- **Exercise**: What you print must match the data line for line.

- **The input**:
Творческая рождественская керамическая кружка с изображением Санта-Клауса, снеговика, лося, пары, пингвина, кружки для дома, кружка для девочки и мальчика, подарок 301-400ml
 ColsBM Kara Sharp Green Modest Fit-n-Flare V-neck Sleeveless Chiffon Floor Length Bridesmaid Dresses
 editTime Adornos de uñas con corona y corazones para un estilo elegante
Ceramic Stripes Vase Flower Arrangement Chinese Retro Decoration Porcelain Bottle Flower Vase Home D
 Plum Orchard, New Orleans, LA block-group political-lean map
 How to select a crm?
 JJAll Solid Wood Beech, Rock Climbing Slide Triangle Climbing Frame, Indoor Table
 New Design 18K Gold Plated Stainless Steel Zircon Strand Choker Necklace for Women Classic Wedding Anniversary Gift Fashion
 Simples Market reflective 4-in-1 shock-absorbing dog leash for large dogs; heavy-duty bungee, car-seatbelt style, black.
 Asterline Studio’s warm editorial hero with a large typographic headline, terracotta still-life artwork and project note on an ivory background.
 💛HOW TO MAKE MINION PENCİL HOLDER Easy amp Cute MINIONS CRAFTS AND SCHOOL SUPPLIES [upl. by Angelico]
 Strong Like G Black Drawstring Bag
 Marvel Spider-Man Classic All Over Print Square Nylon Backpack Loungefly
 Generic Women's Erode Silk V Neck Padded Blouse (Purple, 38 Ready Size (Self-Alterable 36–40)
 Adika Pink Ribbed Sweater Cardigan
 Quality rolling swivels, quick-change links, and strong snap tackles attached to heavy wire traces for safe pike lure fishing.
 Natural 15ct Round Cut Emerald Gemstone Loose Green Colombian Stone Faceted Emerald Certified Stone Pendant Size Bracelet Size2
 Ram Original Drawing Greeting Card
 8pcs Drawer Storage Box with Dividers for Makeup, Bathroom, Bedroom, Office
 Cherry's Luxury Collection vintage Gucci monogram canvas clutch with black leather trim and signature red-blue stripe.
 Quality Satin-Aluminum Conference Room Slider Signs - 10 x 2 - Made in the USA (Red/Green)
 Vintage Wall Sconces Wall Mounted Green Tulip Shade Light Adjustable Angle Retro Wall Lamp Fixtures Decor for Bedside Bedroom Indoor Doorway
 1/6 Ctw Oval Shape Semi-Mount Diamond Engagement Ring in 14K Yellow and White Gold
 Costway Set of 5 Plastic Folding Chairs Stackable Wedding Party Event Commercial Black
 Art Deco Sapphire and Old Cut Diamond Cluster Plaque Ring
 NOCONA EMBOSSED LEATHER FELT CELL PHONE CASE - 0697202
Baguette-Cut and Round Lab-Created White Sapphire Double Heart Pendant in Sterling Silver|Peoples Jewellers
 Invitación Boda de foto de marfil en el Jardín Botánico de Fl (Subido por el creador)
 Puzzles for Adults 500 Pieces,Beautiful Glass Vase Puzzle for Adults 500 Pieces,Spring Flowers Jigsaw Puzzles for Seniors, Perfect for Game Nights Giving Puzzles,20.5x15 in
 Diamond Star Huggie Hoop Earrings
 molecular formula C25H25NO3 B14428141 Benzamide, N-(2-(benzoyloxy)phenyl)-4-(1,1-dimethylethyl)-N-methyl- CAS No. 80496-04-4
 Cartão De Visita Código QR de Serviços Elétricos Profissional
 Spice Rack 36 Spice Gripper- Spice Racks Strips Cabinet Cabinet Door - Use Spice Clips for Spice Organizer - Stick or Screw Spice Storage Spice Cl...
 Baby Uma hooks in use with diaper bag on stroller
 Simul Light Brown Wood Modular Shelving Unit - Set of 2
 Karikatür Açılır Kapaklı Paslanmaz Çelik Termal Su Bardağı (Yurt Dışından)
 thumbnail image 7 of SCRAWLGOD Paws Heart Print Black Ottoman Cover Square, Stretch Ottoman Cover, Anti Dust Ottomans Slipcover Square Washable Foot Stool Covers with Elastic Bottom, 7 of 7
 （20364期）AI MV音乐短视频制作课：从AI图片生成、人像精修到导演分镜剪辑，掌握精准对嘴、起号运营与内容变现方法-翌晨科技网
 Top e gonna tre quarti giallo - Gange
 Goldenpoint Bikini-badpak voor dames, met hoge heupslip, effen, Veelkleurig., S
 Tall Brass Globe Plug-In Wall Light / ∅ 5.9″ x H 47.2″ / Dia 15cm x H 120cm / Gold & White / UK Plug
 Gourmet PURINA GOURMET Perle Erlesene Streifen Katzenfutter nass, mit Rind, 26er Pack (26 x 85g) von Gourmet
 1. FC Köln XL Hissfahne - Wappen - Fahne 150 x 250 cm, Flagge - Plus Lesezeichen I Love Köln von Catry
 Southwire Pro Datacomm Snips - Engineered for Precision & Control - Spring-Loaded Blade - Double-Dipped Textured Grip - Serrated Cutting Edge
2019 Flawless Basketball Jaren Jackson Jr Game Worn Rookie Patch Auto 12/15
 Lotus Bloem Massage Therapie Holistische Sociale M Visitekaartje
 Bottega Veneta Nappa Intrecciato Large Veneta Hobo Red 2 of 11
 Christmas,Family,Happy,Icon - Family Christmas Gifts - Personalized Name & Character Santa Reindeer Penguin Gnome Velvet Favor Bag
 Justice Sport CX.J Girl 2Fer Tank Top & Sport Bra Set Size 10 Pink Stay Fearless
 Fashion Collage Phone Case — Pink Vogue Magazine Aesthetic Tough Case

- **Finished exercise**:
Творческая рождественская керамическая кружка с изображением Санта-Клауса, снеговика, лося, пары, пингвина, кружки для дома, кружка для девочки и мальчика, подарок 301-400ml
 ColsBM Kara Sharp Green Modest Fit-n-Flare V-neck Sleeveless Chiffon Floor Length Bridesmaid Dresses
 editTime Adornos de uñas con corona y corazones para un estilo elegante
Ceramic Stripes Vase Flower Arrangement Chinese Retro Decoration Porcelain Bottle Flower Vase Home D
 Plum Orchard, New Orleans, LA block-group political-lean map
 How to select a crm?
 JJAll Solid Wood Beech, Rock Climbing Slide Triangle Climbing Frame, Indoor Table
 New Design 18K Gold Plated Stainless Steel Zircon Strand Choker Necklace for Women Classic Wedding Anniversary Gift Fashion
 Simples Market reflective 4-in-1 shock-absorbing dog leash for large dogs; heavy-duty bungee, car-seatbelt style, black.
 Asterline Studio’s warm editorial hero with a large typographic headline, terracotta still-life artwork and project note on an ivory background.
 💛HOW TO MAKE MINION PENCİL HOLDER Easy amp Cute MINIONS CRAFTS AND SCHOOL SUPPLIES [upl. by Angelico]
 Strong Like G Black Drawstring Bag
 Marvel Spider-Man Classic All Over Print Square Nylon Backpack Loungefly
 Generic Women's Erode Silk V Neck Padded Blouse (Purple, 38 Ready Size (Self-Alterable 36–40)
 Adika Pink Ribbed Sweater Cardigan
 Quality rolling swivels, quick-change links, and strong snap tackles attached to heavy wire traces for safe pike lure fishing.
 Natural 15ct Round Cut Emerald Gemstone Loose Green Colombian Stone Faceted Emerald Certified Stone Pendant Size Bracelet Size2
 Ram Original Drawing Greeting Card
 8pcs Drawer Storage Box with Dividers for Makeup, Bathroom, Bedroom, Office
 Cherry's Luxury Collection vintage Gucci monogram canvas clutch with black leather trim and signature red-blue stripe.
 Quality Satin-Aluminum Conference Room Slider Signs - 10 x 2 - Made in the USA (Red/Green)
 Vintage Wall Sconces Wall Mounted Green Tulip Shade Light Adjustable Angle Retro Wall Lamp Fixtures Decor for Bedside Bedroom Indoor Doorway
 1/6 Ctw Oval Shape Semi-Mount Diamond Engagement Ring in 14K Yellow and White Gold
 Costway Set of 5 Plastic Folding Chairs Stackable Wedding Party Event Commercial Black
 Art Deco Sapphire and Old Cut Diamond Cluster Plaque Ring
 NOCONA EMBOSSED LEATHER FELT CELL PHONE CASE - 0697202
Baguette-Cut and Round Lab-Created White Sapphire Double Heart Pendant in Sterling Silver|Peoples Jewellers
 Invitación Boda de foto de marfil en el Jardín Botánico de Fl (Subido por el creador)
 Puzzles for Adults 500 Pieces,Beautiful Glass Vase Puzzle for Adults 500 Pieces,Spring Flowers Jigsaw Puzzles for Seniors, Perfect for Game Nights Giving Puzzles,20.5x15 in
 Diamond Star Huggie Hoop Earrings
 molecular formula C25H25NO3 B14428141 Benzamide, N-(2-(benzoyloxy)phenyl)-4-(1,1-dimethylethyl)-N-methyl- CAS No. 80496-04-4
 Cartão De Visita Código QR de Serviços Elétricos Profissional
 Spice Rack 36 Spice Gripper- Spice Racks Strips Cabinet Cabinet Door - Use Spice Clips for Spice Organizer - Stick or Screw Spice Storage Spice Cl...
 Baby Uma hooks in use with diaper bag on stroller
 Simul Light Brown Wood Modular Shelving Unit - Set of 2
 Karikatür Açılır Kapaklı Paslanmaz Çelik Termal Su Bardağı (Yurt Dışından)
 thumbnail image 7 of SCRAWLGOD Paws Heart Print Black Ottoman Cover Square, Stretch Ottoman Cover, Anti Dust Ottomans Slipcover Square Washable Foot Stool Covers with Elastic Bottom, 7 of 7
 （20364期）AI MV音乐短视频制作课：从AI图片生成、人像精修到导演分镜剪辑，掌握精准对嘴、起号运营与内容变现方法-翌晨科技网
 Top e gonna tre quarti giallo - Gange
 Goldenpoint Bikini-badpak voor dames, met hoge heupslip, effen, Veelkleurig., S
 Tall Brass Globe Plug-In Wall Light / ∅ 5.9″ x H 47.2″ / Dia 15cm x H 120cm / Gold & White / UK Plug
 Gourmet PURINA GOURMET Perle Erlesene Streifen Katzenfutter nass, mit Rind, 26er Pack (26 x 85g) von Gourmet
 1. FC Köln XL Hissfahne - Wappen - Fahne 150 x 250 cm, Flagge - Plus Lesezeichen I Love Köln von Catry
 Southwire Pro Datacomm Snips - Engineered for Precision & Control - Spring-Loaded Blade - Double-Dipped Textured Grip - Serrated Cutting Edge
2019 Flawless Basketball Jaren Jackson Jr Game Worn Rookie Patch Auto 12/15
 Lotus Bloem Massage Therapie Holistische Sociale M Visitekaartje
 Bottega Veneta Nappa Intrecciato Large Veneta Hobo Red 2 of 11
 Christmas,Family,Happy,Icon - Family Christmas Gifts - Personalized Name & Character Santa Reindeer Penguin Gnome Velvet Favor Bag
 Justice Sport CX.J Girl 2Fer Tank Top & Sport Bra Set Size 10 Pink Stay Fearless
 Fashion Collage Phone Case — Pink Vogue Magazine Aesthetic Tough Case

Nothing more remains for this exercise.